The Black Keys Blast Back with Best Album in Over a Decade on Dropout Boogie
5 out of 5 stars
Well, this is the kind of music that I have been waiting for from The Black Keys since my personal favorite album Brothers dropped about 12 years ago.
The Black Keys new effort is called Dropout Boogie, and it is absolutely stellar.
The lead song (and first single), “Wild Child” is an absolute club banger and one of the best songs by The Black Keys period. It is a certified song of the year candidate already, as it rocks with poppy hooks and bluesy rock riffs all the way through. It’s the stuff that made The Black Keys who they are today.
But here’s the thing, for all the fans who actually like the rest of the albums (not just the singles), and who know that there are some absolutely killer blues-rock songs throughout the catalog of this band, you will be happy to know that pretty much EVERY song on this album is as good as any other song on any other album.

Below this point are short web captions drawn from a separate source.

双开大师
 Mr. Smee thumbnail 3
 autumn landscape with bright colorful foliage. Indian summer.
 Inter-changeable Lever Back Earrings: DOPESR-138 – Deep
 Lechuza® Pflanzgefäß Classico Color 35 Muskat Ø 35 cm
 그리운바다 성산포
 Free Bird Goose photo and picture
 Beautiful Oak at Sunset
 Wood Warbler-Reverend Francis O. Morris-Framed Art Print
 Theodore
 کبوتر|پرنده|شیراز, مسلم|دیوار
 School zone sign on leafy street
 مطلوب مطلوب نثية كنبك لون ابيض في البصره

“It Ain’t Over” is another cracking song that will get stuck in your head. It sort of reminds me of songs from Brothers but sped up a bit with a catchier hook. The riffs and vocal melodies definitely remind me of a few songs from their previous albums.
To me, this is a ten-song masterpiece for the band. Normally, you would get 15 or so songs in the past, but this is a pretty perfect album.
“For the Love of Money” has the slide guitar rock riffs that I only really hear from Dan Auerbach these days - reminiscent of ZZ Top and many other blues-rock legends. Man, this song is just so damn good too.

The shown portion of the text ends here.